Assigned task:
Give back every line of the material exactly. Skip the pictures.

Records for processing:
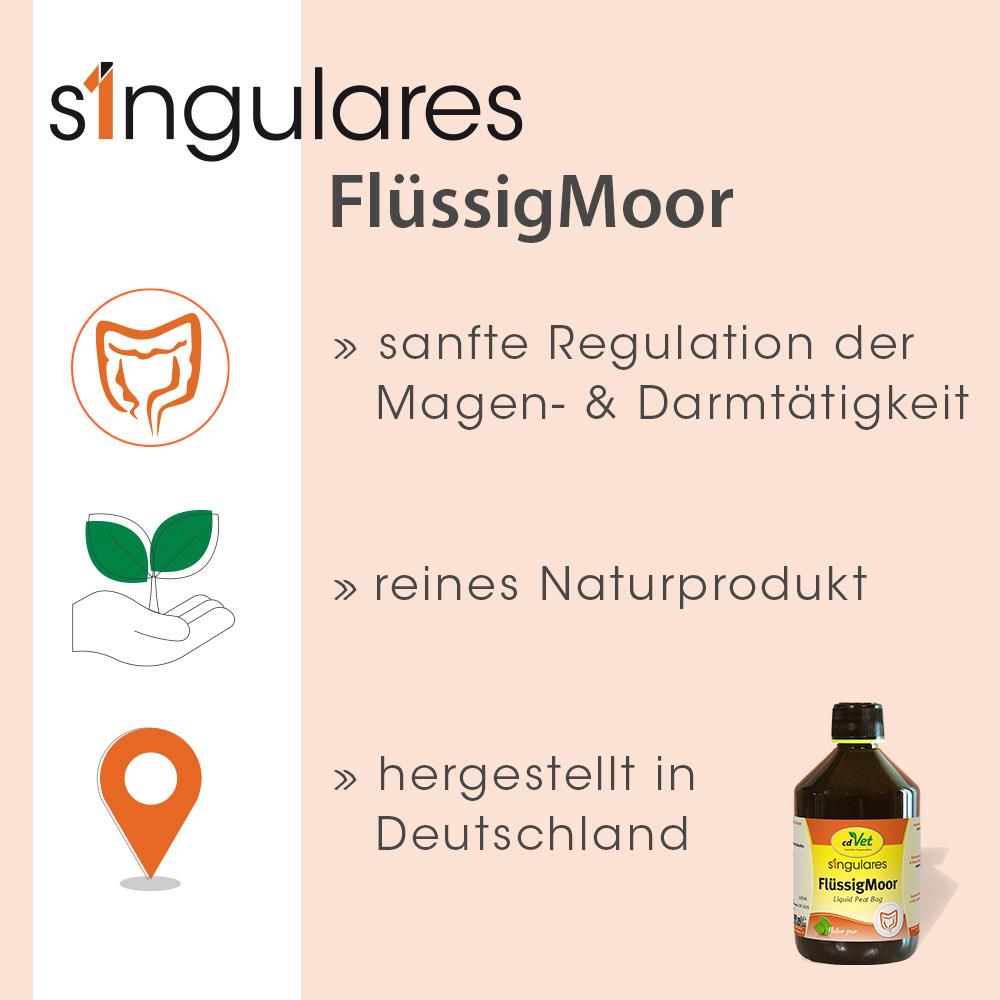 Singulares FlüssigMoor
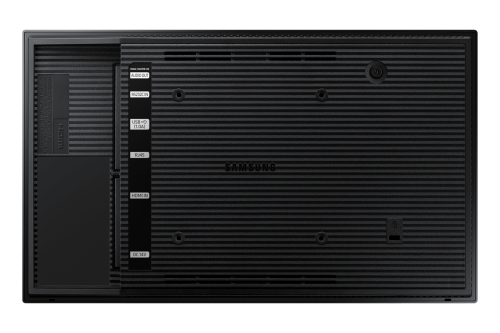 Samsung Smart Signage QB13C - Pantalla LCD 13 Pulgadas Full HD (33 cm), WiFi, 1920 x 1080 Pixeles, Montaje VESA 100x100, 16/7 Horas, Negro - Modelo QB13C Samsung Smart Signage QB13C - Pantalla LCD 13 Pulgadas Full HD (33 cm), WiFi, 1920 x 1080 Pixeles, Montaje VESA 100x100, 16/7 Horas, Negro - Modelo QB13C
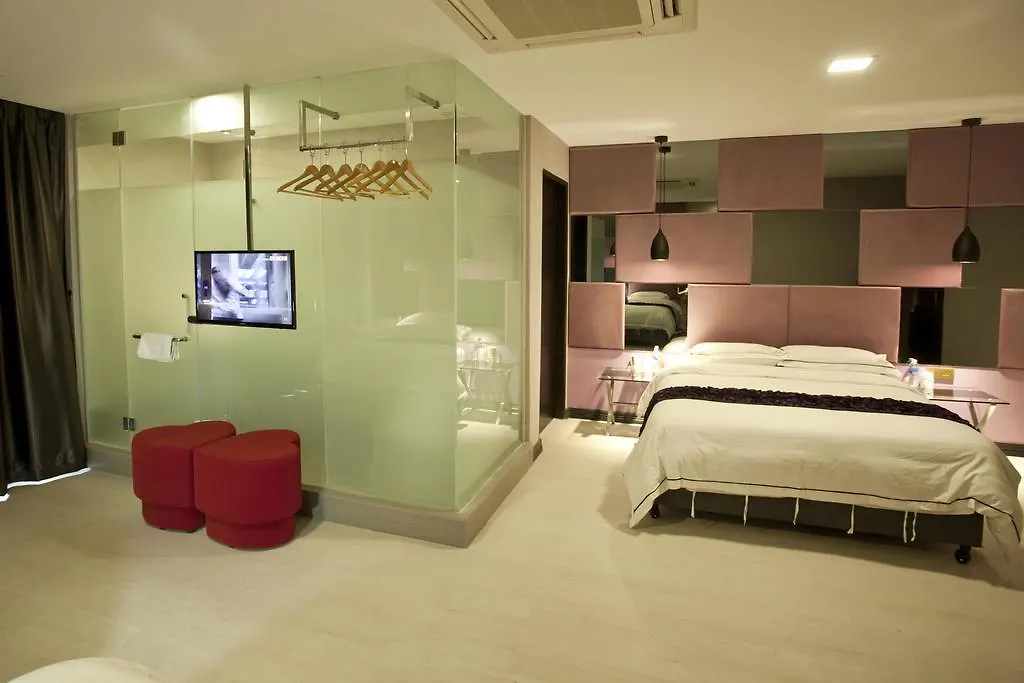 Euro+ Hotel Johor Bahru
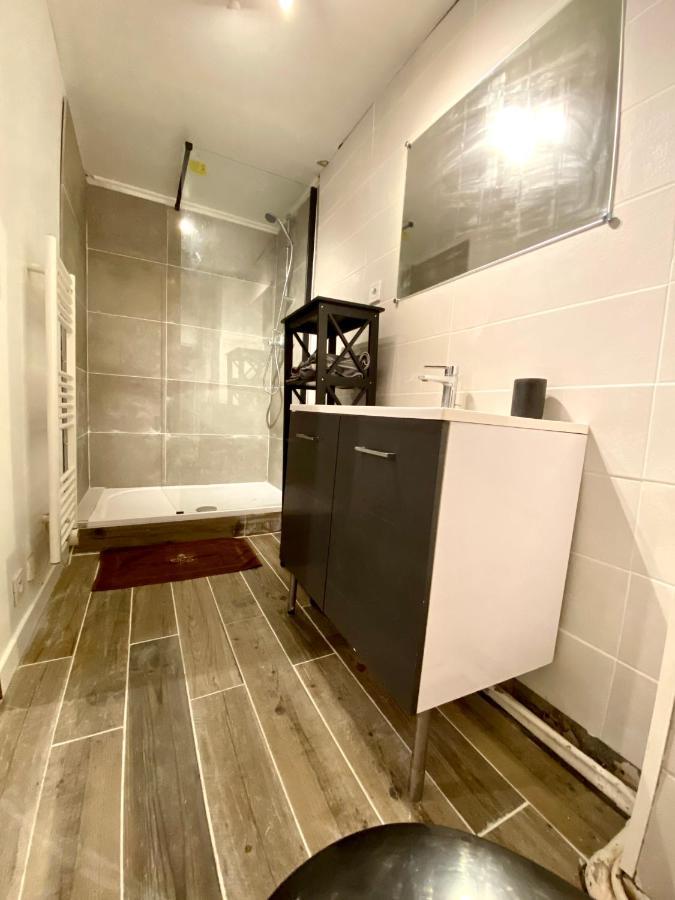 Le Manhattan Studio Apartment Montpellier Bagian luar foto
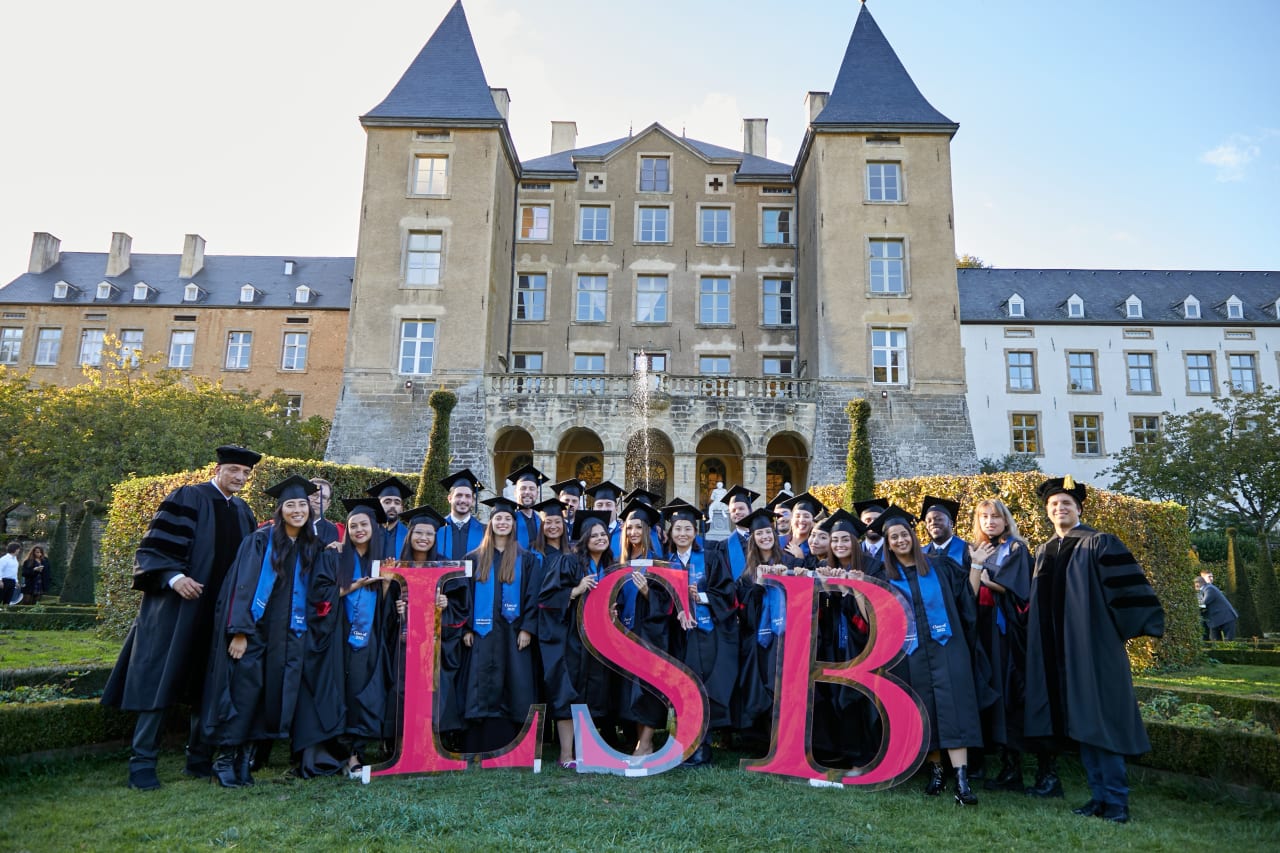 Luxembourg School Of Business Master in Management-Programm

Response box:
 Singulares FlüssigMoor
 Samsung Smart Signage QB13C - Pantalla LCD 13 Pulgadas Full HD (33 cm), WiFi, 1920 x 1080 Pixeles, Montaje VESA 100x100, 16/7 Horas, Negro - Modelo QB13C Samsung Smart Signage QB13C - Pantalla LCD 13 Pulgadas Full HD (33 cm), WiFi, 1920 x 1080 Pixeles, Montaje VESA 100x100, 16/7 Horas, Negro - Modelo QB13C
 Euro+ Hotel Johor Bahru
 Le Manhattan Studio Apartment Montpellier Bagian luar foto
 Luxembourg School Of Business Master in Management-Programm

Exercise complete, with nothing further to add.